The People Have Spoken
“I always tried to explain that democracy is not perfect. But it gives you the chance to create your own destiny.” Aung San Suu Kyi
With my thirteen-letter surname, that some have a problem pronouncing, and my relentless effusion of all things Greek, I’m often asked about the situation in Greece. How is the economy? Have things improved? What do you think about the election results?
I’m happy to talk about Greece and my impressions, but I can’t pretend to know, in any depth, anything about its economy, its politics or even how the ordinary Greek person lives. All I have is opinions. For what it’s worth here they are.
Six years of recession and austerity measures have crippled the country and left many Greeks financially strapped, psychologically dejected and emotionally disheartened. However, the family is a source of strength and families have helped each other weather the economic storm. Unlike Canada and the United States, where personal debt is high, the amount of personal debt in Greece is low. This helps, as does the Greek habit of socking away for rainy days. Yes, savings are dwindling, but at least it was there to draw from when it was most needed.
The economy, on the surface, seemed to be recovering when we were in Greece in November. There were lots of new businesses, unemployment had gone down slightly, tourism had bounced back and coffee shops and restaurants were full. But when I made that remark, most told me that this proved nothing. “People were still suffering.” Greeks do tend to be fatalists (it takes one to know one), but who was I, a foreigner on vacation, to question them.

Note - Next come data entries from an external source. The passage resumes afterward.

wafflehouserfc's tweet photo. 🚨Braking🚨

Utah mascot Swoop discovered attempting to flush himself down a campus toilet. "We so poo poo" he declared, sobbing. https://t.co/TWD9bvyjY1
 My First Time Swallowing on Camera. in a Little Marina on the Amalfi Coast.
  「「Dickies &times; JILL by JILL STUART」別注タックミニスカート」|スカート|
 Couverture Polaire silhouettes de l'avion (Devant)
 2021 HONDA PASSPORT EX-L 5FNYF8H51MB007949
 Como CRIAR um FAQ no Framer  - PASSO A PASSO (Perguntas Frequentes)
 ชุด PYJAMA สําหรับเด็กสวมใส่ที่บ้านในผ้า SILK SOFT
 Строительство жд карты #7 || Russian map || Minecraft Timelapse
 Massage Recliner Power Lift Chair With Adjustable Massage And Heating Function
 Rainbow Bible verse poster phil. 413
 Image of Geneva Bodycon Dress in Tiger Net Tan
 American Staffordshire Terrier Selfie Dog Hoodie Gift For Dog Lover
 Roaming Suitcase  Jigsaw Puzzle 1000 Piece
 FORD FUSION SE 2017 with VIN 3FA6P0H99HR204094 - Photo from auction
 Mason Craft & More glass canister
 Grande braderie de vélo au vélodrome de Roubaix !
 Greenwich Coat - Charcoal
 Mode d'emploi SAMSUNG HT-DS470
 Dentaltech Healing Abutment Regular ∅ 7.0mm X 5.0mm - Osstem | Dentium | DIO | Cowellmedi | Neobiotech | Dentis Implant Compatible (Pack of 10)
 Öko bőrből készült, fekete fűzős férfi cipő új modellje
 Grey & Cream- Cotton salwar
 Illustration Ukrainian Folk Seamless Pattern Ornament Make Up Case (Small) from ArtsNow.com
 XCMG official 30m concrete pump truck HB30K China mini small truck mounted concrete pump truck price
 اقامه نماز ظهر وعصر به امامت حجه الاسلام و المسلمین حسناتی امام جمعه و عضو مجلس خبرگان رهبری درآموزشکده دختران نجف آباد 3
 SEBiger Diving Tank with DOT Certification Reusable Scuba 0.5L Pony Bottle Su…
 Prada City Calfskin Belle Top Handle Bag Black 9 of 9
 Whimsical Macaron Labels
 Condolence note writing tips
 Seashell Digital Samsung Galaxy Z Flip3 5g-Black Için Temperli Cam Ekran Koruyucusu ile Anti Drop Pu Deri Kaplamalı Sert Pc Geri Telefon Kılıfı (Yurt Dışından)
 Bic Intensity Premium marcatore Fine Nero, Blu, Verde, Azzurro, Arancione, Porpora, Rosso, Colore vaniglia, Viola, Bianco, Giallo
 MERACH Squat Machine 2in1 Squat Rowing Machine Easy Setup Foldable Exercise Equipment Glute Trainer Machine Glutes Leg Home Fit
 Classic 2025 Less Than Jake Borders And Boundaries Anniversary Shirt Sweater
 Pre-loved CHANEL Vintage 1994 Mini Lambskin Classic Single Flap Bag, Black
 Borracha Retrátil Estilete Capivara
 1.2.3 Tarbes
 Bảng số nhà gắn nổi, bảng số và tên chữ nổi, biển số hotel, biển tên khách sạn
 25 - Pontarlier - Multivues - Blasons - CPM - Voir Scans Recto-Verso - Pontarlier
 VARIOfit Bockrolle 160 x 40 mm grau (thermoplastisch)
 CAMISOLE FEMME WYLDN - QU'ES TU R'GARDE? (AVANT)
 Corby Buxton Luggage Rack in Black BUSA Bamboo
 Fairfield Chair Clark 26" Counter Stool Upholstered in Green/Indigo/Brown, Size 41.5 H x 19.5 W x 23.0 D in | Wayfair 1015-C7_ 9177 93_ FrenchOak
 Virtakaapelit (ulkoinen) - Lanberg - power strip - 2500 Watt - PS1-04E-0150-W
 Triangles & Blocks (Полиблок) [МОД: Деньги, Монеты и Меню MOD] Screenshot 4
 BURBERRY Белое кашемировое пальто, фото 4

In terms of the elections, I was initially worried and thought it might destabilize the progress that had been made on the economic front. But I’ve reconsidered. Perhaps a shake up and a different approach was exactly what the country needed. Austerity, alone, hadn’t led to a whole lot of growth or any significant lasting change.
I’m glad that Syriza came so close to a majority. Majorities are needed to get things done. It also reduces the finger pointing and resulting confusion if things don’t work.
I’m also happy to see that in the birthplace of democracy, people exercised their right to vote and made their feelings known. CBC’s senior business correspondent Don Pittis said it better than I can: “For those of us who may have grown cynical about democracy and the power of money to influence elections, the Greeks have taught us a wonderful, upbeat lesson. People will accept a lot of hardship in exchange for stability, but they will only be pushed so far. This is a warning to financial markets everywhere that for good or ill, in a democracy voters get the final say.”
My biggest disappointment with the Greek election was the return of the far right neo-Nazi party, Golden Dawn. I had hoped that they would be annihilated and sent back under the rock many of its members crawled from under. Most are currently in jail on various charges ranging from murder to extortion. Yet they garnered third place in the elections last week.
It’s a sad commentary on Greek society that those who fought so gallantly against Hitler’s Nazis and sacrificed so much could vote for such a party. But memory is short and human beings, like democracy, are imperfect.